Do not forget about tax in dispute resolution

Posted on

22 Jun

2022

Dittmar & Indrenius > Insight > Do not forget about tax in dispute resolution

When facing a potential dispute, there are many aspects and questions to consider. One item you should always include on your to-do list is tax. Different disputes and different ways of resolving the disputes lead to a variety of tax considerations. The key is to be aware of the tax consequences beforehand and to avoid any unpleasant surprises afterwards.

Understand the tax consequences as early as possible

As with all preparations for future disputes, when it comes to tax treatment, the best preparation is often done well before any dispute arises – when negotiating contracts or planning the business model.

At the latest when you anticipate, or know, that you will face a dispute, you should analyse what the claim that you are making, or that the counterparty is making, means from a tax perspective. In addition to understanding the tax consequences for your own business, it is beneficial to understand, at least to some extent, the tax consequences for the counterparty’s business.

“At the latest when you anticipate, or know, that you will face a dispute, you should analyse what the claim that you are making, or that the counterparty is making, means from a tax perspective.”

Types of tax questions to consider before the dispute

The first thing to think of is whether the claim is, from a tax perspective, considered damages, liquidated damages, purchase price adjustment, or possibly something else.

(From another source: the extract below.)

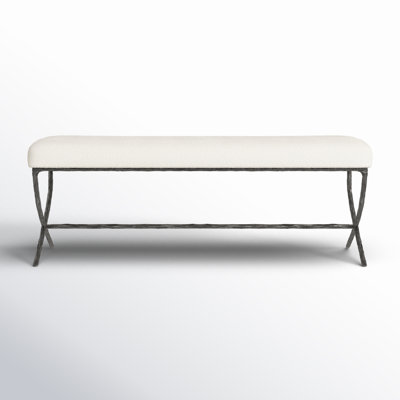 Janeen Boucle And Metal Bench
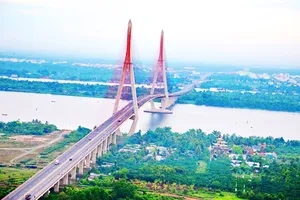 Cầu Cần Thơ hiện hữu. Nguồn Internet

From a corporate income tax perspective, the main questions are whether the consideration paid is deductible in taxation and whether the consideration received is taxable income. In many cases, the answer to both questions is yes. Another relevant question that needs to be assessed case by case is the tax year to which the income or cost should be allocated – the tax year when the transaction subject to the dispute was carried out, or when the dispute was resolved, or some other year. The tax positions of different tax years may be different in terms of statute of limitations, tax losses, interest deductibility limitations, and so on, and changes to taxable income may have different consequences when taking the big picture into account. In longer disputes, the tax statute of limitation rules combined with rules on allocation of costs between tax years may even lead to an outcome that no tax deduction can be made at all unless appropriate measures are taken well in advance.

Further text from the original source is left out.